** The input follows **
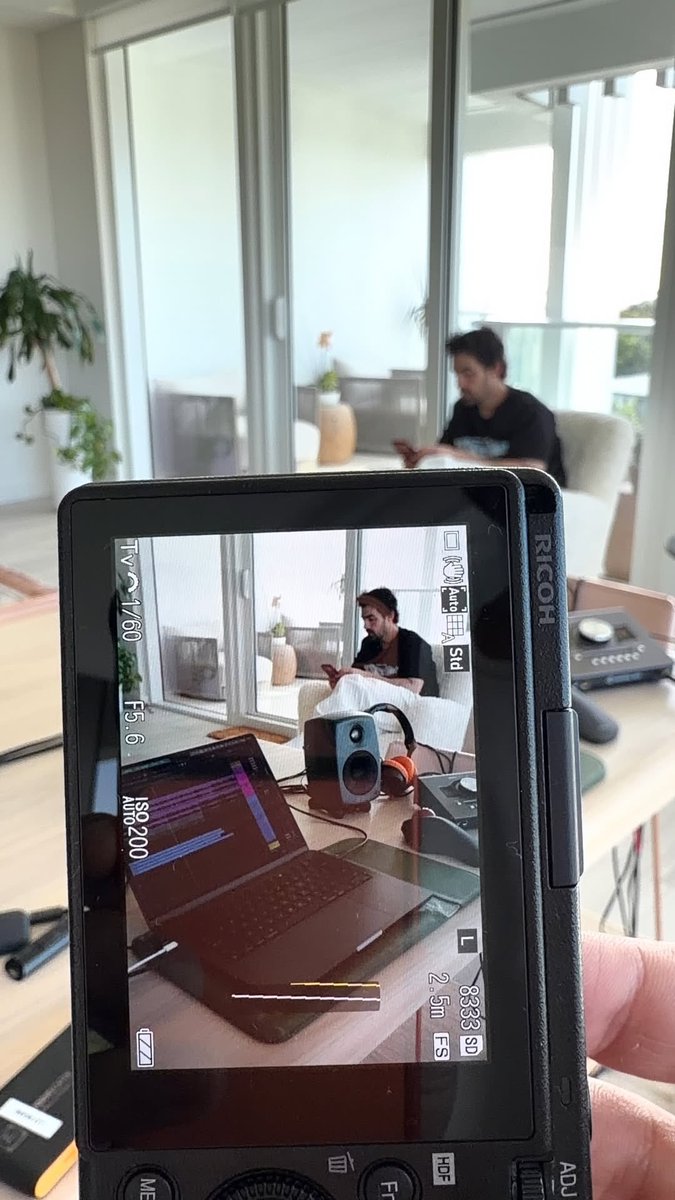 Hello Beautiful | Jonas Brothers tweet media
** End of The input **
** The input follows **
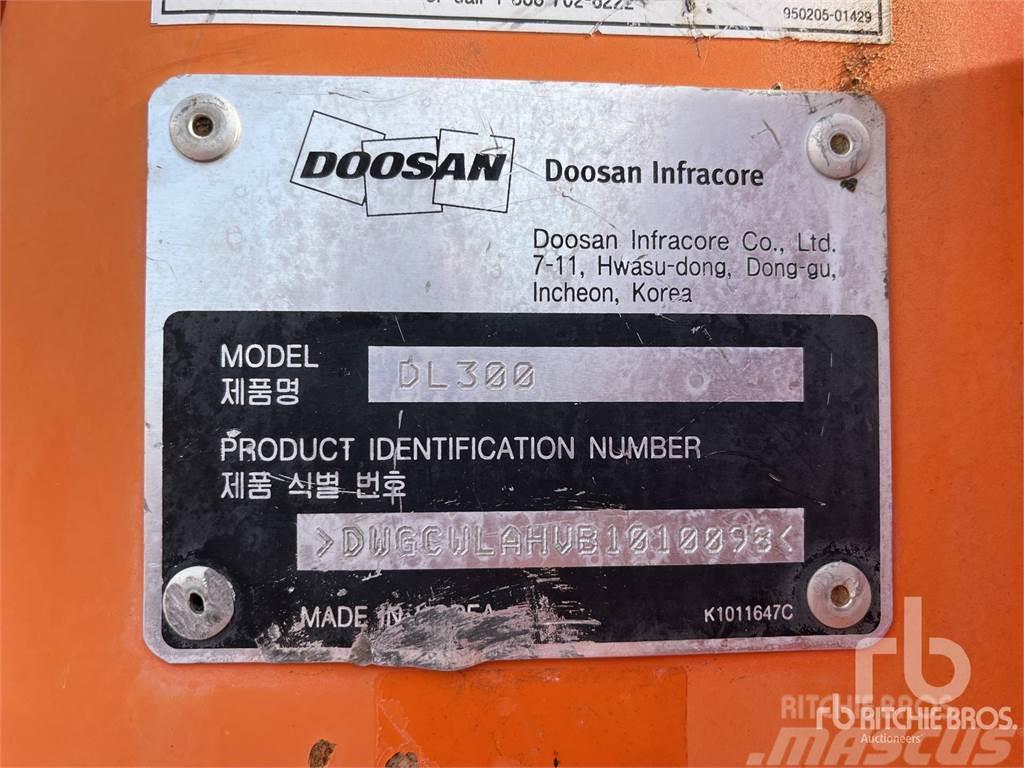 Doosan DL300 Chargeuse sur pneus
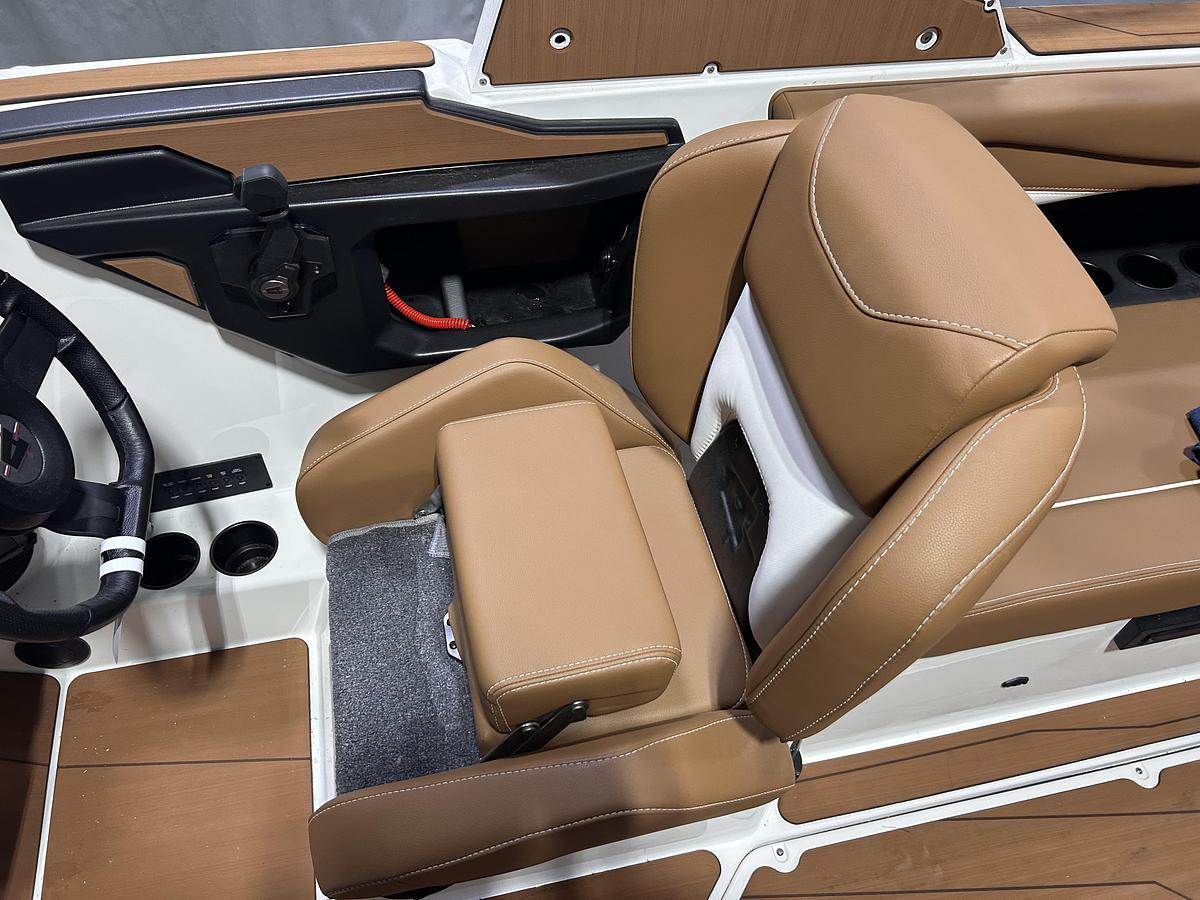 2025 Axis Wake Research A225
** End of The input **
** The input follows **
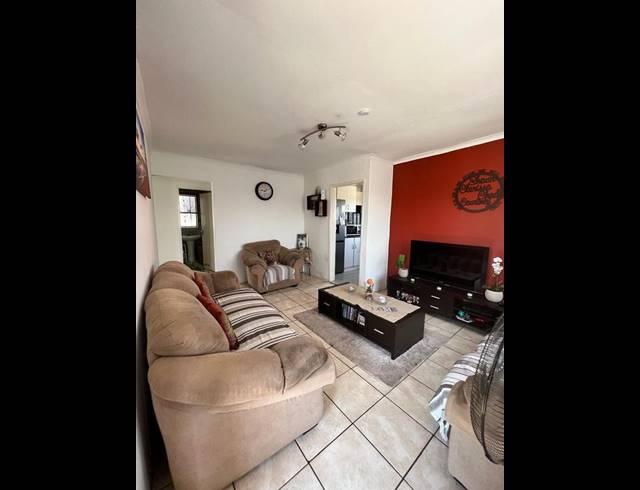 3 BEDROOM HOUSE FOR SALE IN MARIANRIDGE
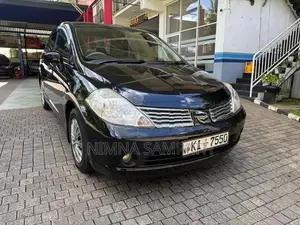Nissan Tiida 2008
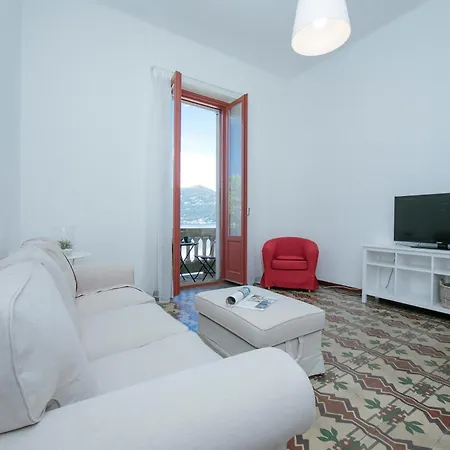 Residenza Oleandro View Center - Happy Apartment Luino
** End of The input **
[Try it]
Within the listing above, find the line containing "Doosan DL300 Chargeuse sur pneus" and the line containing "2025 Axis Wake Research A225". Transcribe them and everything between them exactly, leaving out the pictures.

[Your solution]
 Doosan DL300 Chargeuse sur pneus
 2025 Axis Wake Research A225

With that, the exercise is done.